Its call for action was, “We do hope the university makes more concrete progress toward a written policy with repercussions.”

Maybe they should have looked up the American Association of University Professors’ so-called Redbook, which was mentioned in the news story as a resource for those who wrote the UNLV “statement.”

In 1994 the AAUP adopted a “statement” on campus speech codes that includes this language:

“In response to verbal assaults and use of hateful language, some campuses have felt it necessary to forbid the expression of racist, sexist, homophobic, or ethnically demeaning speech, along with conduct or behavior that harasses. Several reasons are offered in support of banning such expression. Individuals and groups that have been victims of such expression feel an understandable outrage. They claim that the academic progress of minority and majority alike may suffer if fears, tensions, and conflicts spawned by slurs and insults create an environment inimical to learning.

“These arguments, grounded in the need to foster an atmosphere respectful of and welcoming to all persons, strike a deeply responsive chord in the academy. But, while we can acknowledge both the weight of these concerns and the thoughtfulness of those persuaded of the need for regulation, rules that ban or punish speech based upon its content cannot be justified. An institution of higher learning fails to fulfill its mission if it asserts the power to proscribe ideas—and racial or ethnic slurs, sexist epithets, or homophobic insults almost always express ideas, however repugnant. Indeed, by proscribing any ideas, a university sets an example that profoundly disserves its academic mission.”

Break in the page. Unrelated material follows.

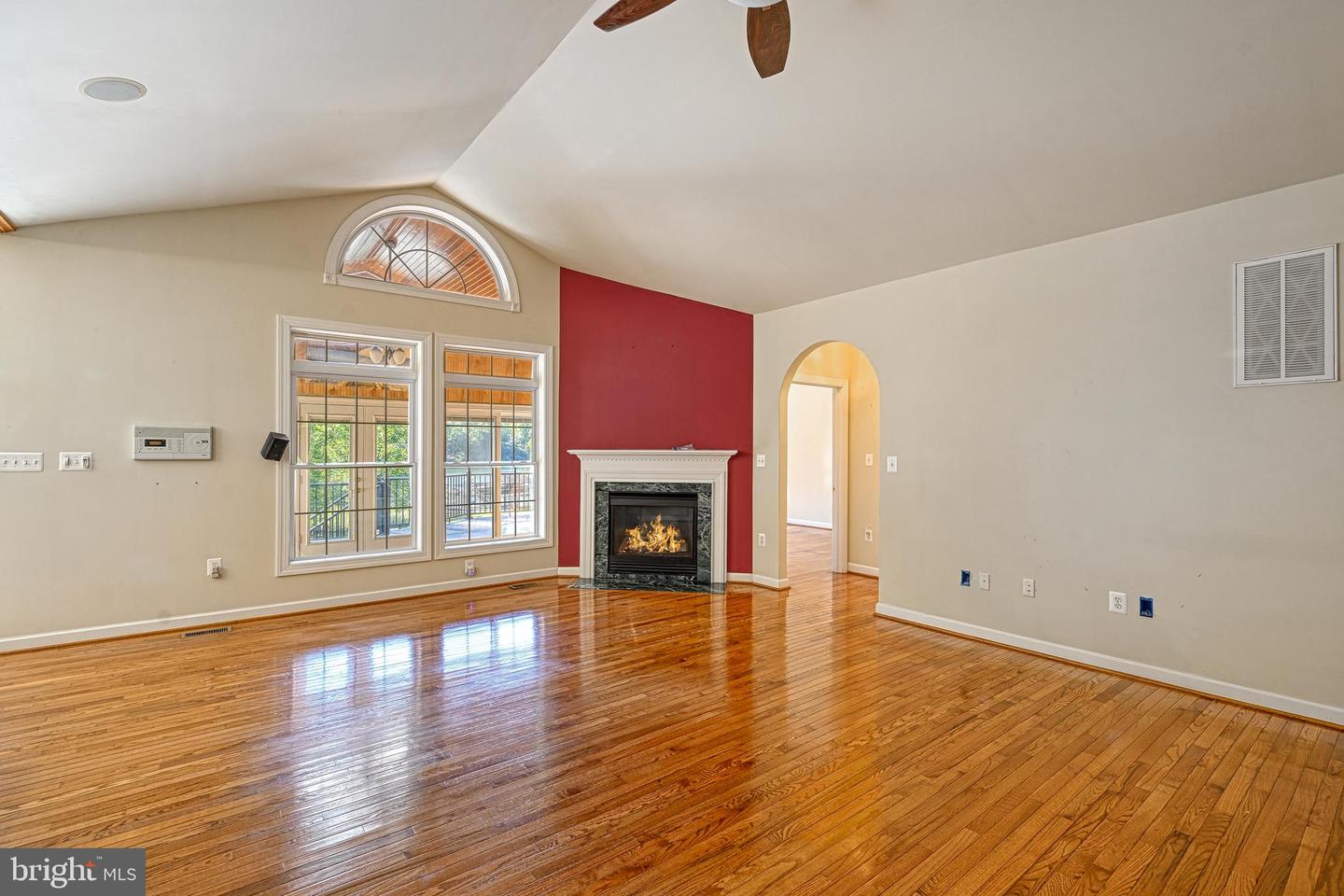 401 Laurelwood Dr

I’m sure there are those on campus who do not agree that bellicose language should be allowed to uttered.

Surely Tom Jefferson would’ve been run off campus for saying, “The tree of liberty must be refreshed from time to time, with the blood of patriots and tyrants. It is its natural manure."

Here is the UNLV statement as reported in the Yell:

UNLV Statement of Civility
“UNLV is dedicated to intellectual inquiry in its full depth, breadth, abundance, and diversity. Integral to this overarching duty is the essential commitment to academic freedom and personal expression in their fullest manifestations. We embrace the articulation of unpopular and unsettling ideas as an integral part of intellectual inquiry. To the extent it is consistent with the full pursuit of intellectual inquiry, UNLV fosters a civil, respectful, and inclusive academic community defined by a concern for the common good, by developing relationships and a culture that promotes the rights, safety, dignity, and value of every individual. A civil university community, consisting of faculty, staff, students, and external constituents, is vital to the pursuit of excellence in research, scholarship, and creative activity — appreciating what distinguishes us from one another while celebrating that which binds us together.”

Be careful what you ask for, you just might get it … as the recipient.